Data records:
******
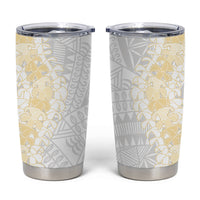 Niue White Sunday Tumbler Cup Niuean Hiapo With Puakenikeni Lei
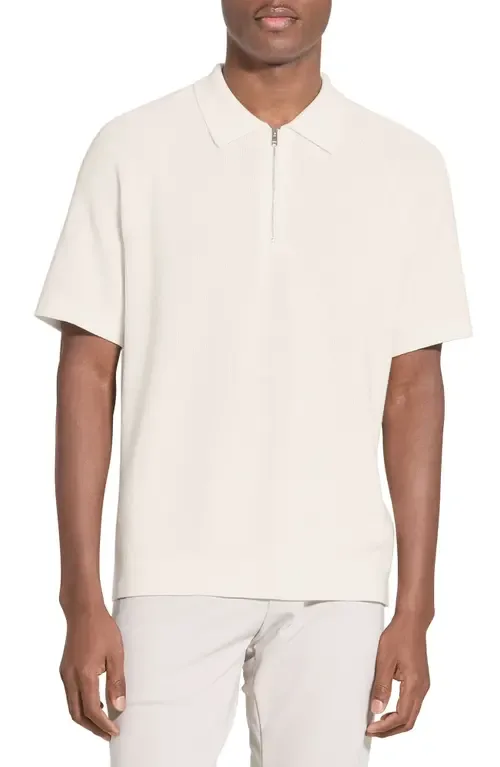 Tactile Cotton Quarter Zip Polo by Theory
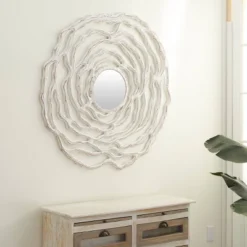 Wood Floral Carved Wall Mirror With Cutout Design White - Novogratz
******
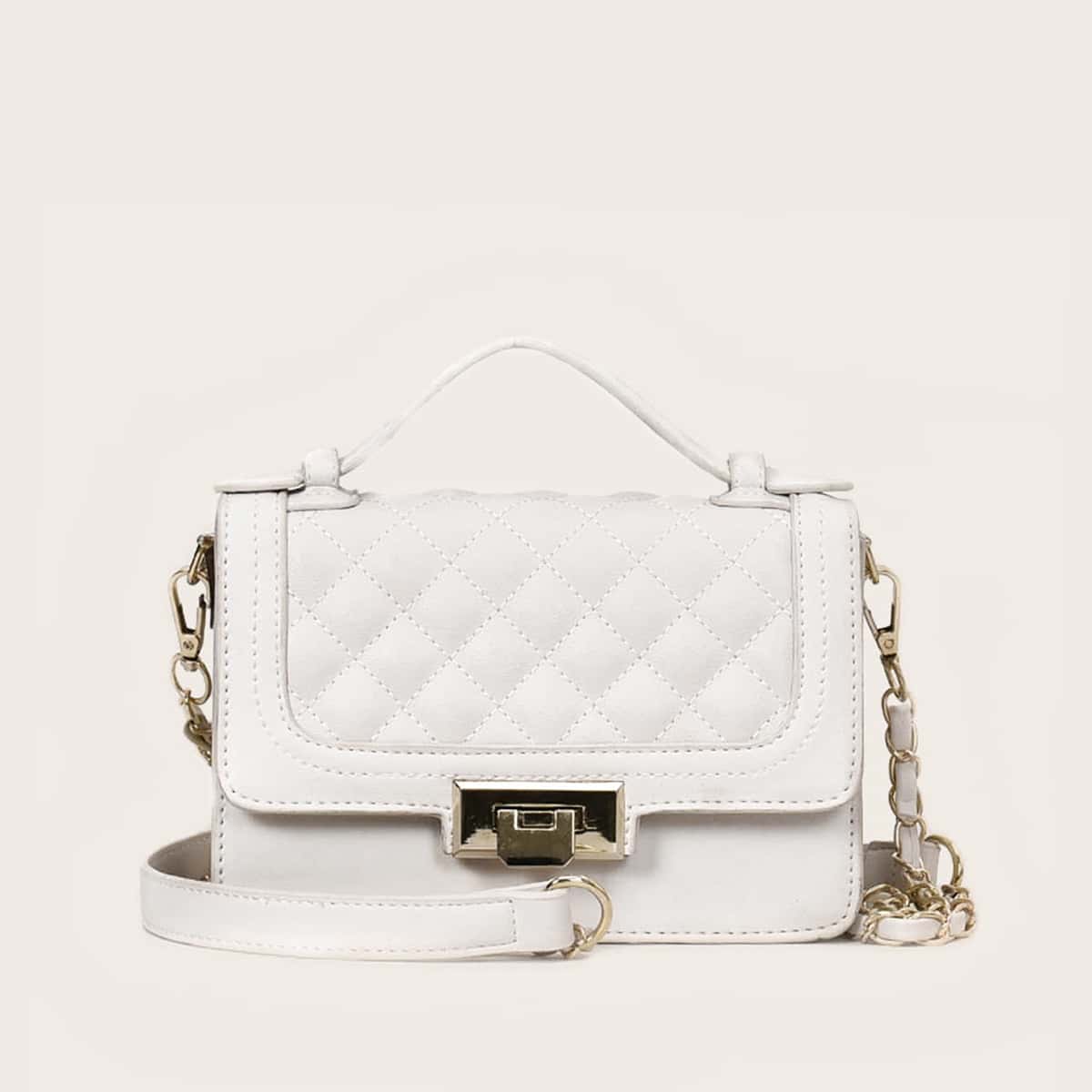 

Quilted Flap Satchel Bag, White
******
The lines to set down run from the line with "Tactile Cotton Quarter Zip Polo by Theory" up to and including the line with "Wood Floral Carved" in the entries above. Reproduce them exactly, with no pictures.

 Tactile Cotton Quarter Zip Polo by Theory
 Wood Floral Carved Wall Mirror With Cutout Design White - Novogratz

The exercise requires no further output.